## EXERCISE
Once the line containing "Crashlands 2 Preview 3" is found in the data below, repeat it and every later line exactly, leaving the pictures out.

---------- MATERIALS PROVIDED ----------

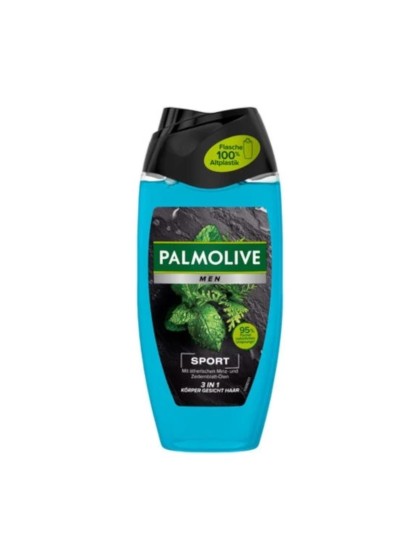 Palmolive Men gel dus Sport Minze 500ml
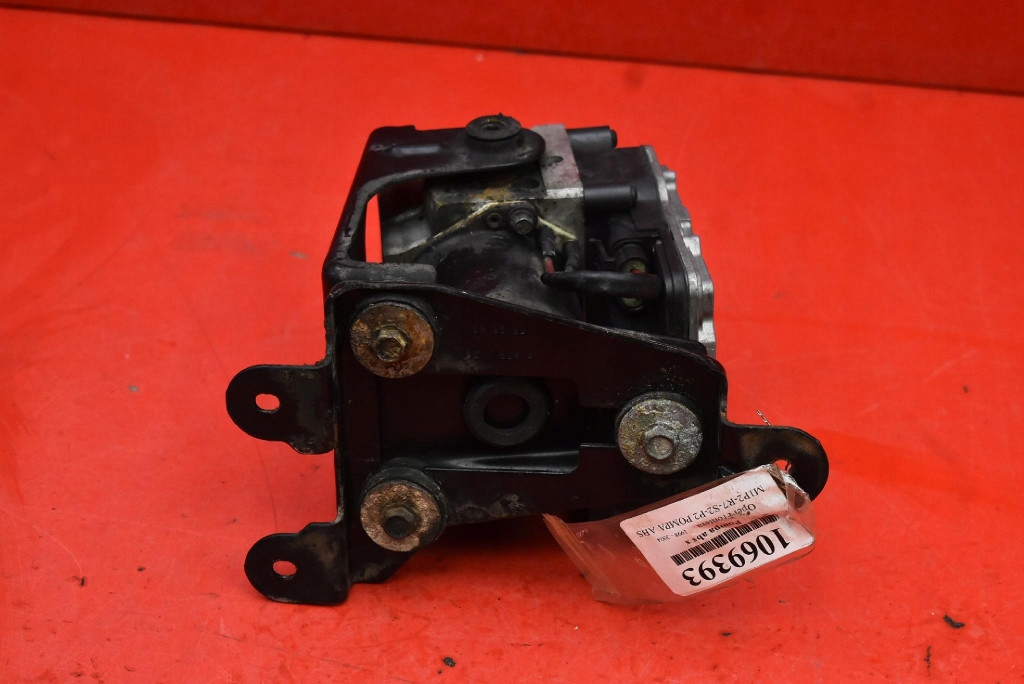 Pompa ABS OPEL FRONTERA B 2.2 DTi 116 KM 4X4 98-04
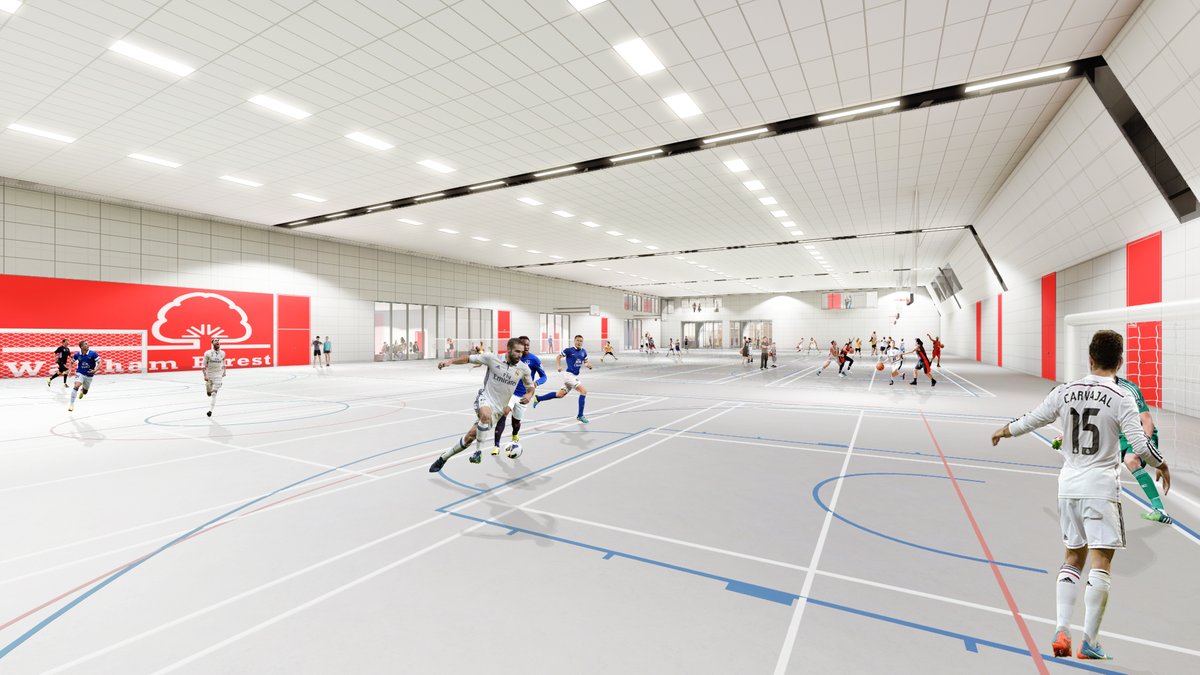 LA architects tweet media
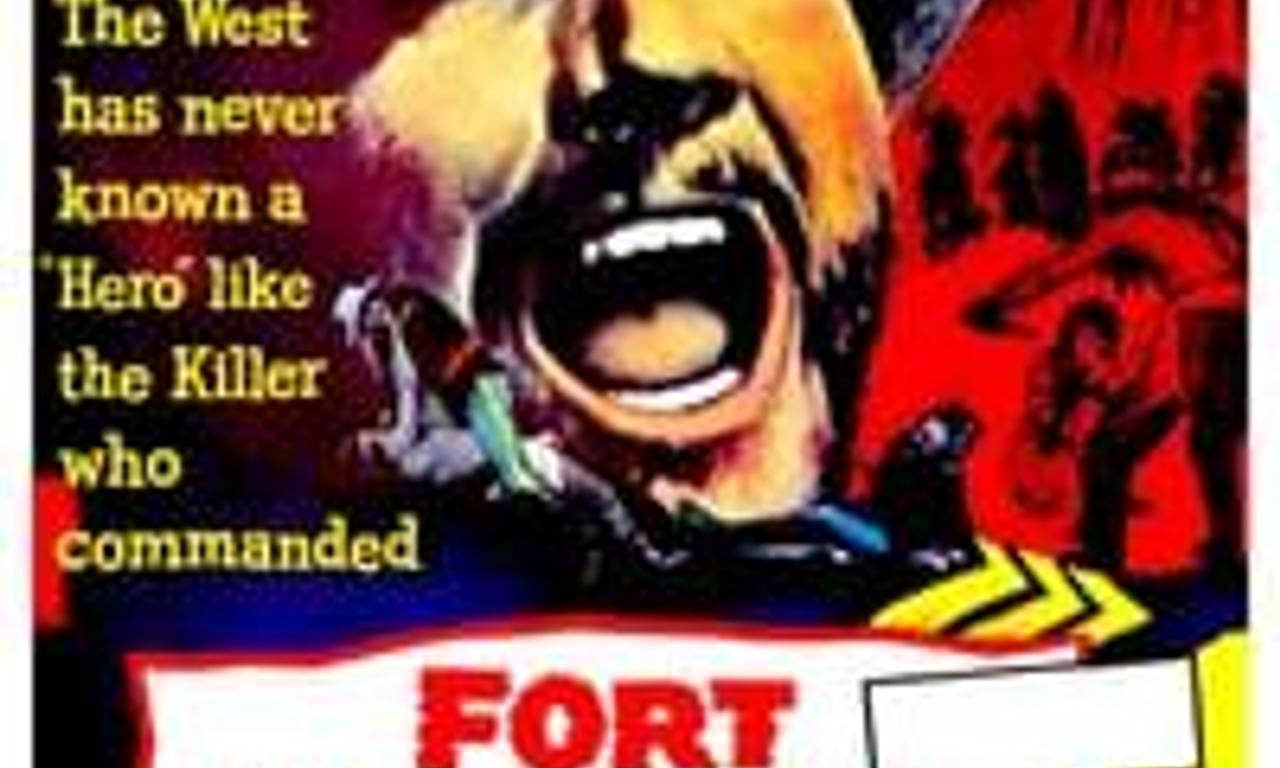 header image for Fort Massacre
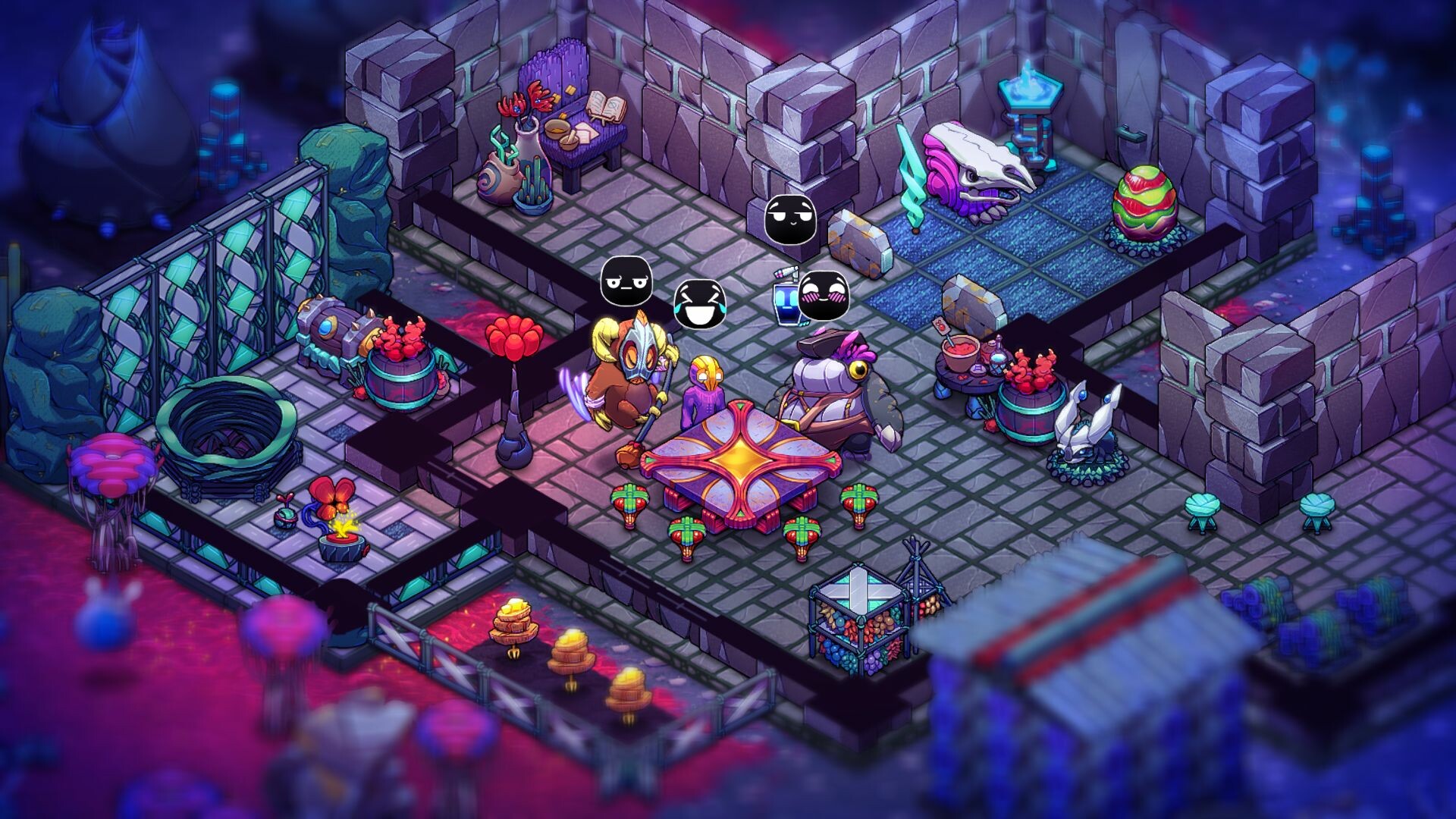 Crashlands 2 Preview 3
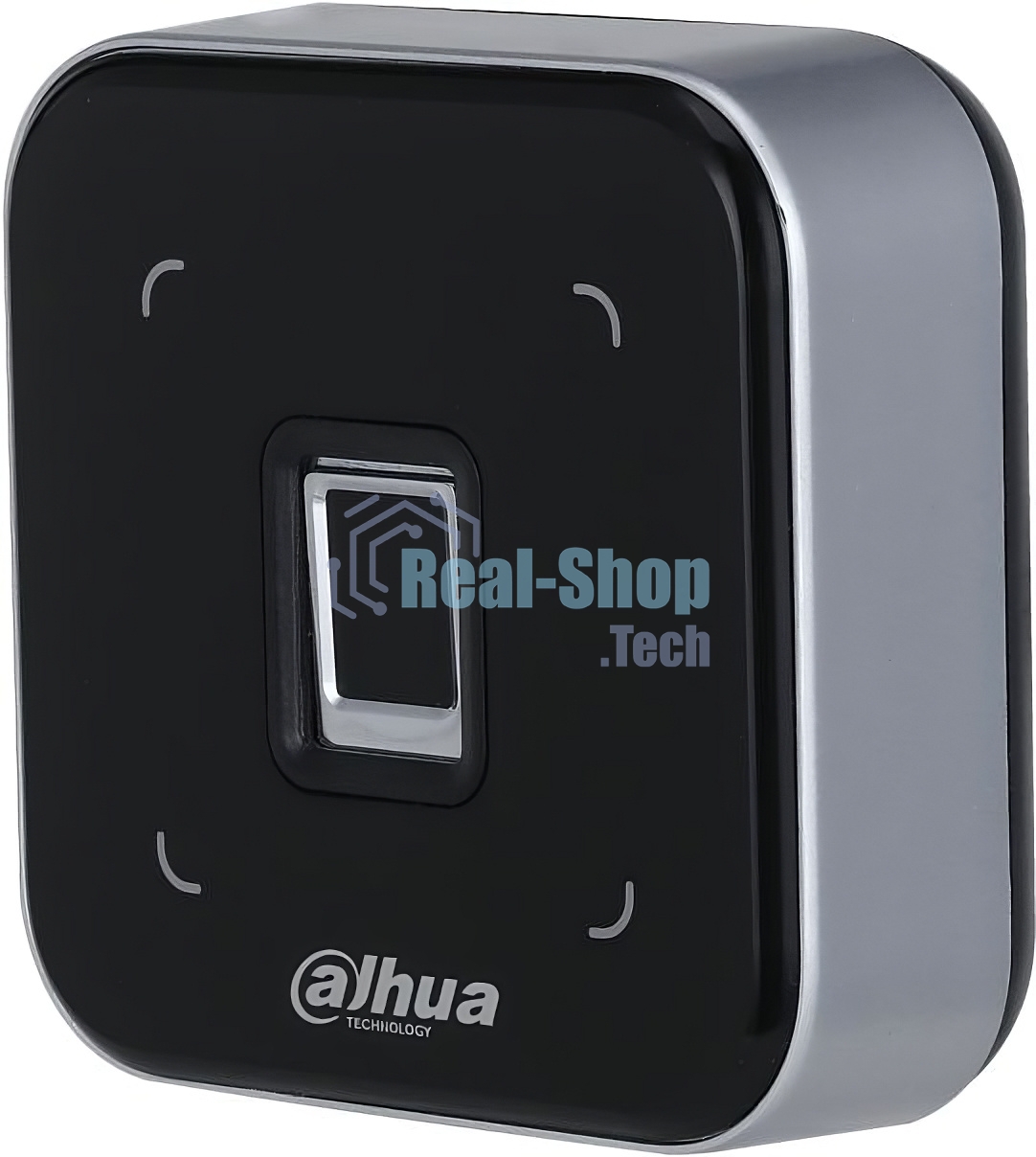 Биометрический cчитыватель для регистрации отпечатков пальцев и карт доступа Dahua USB DHI-ASM101A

----------

## ANSWER FOR THE TASK
 Crashlands 2 Preview 3
 Биометрический cчитыватель для регистрации отпечатков пальцев и карт доступа Dahua USB DHI-ASM101A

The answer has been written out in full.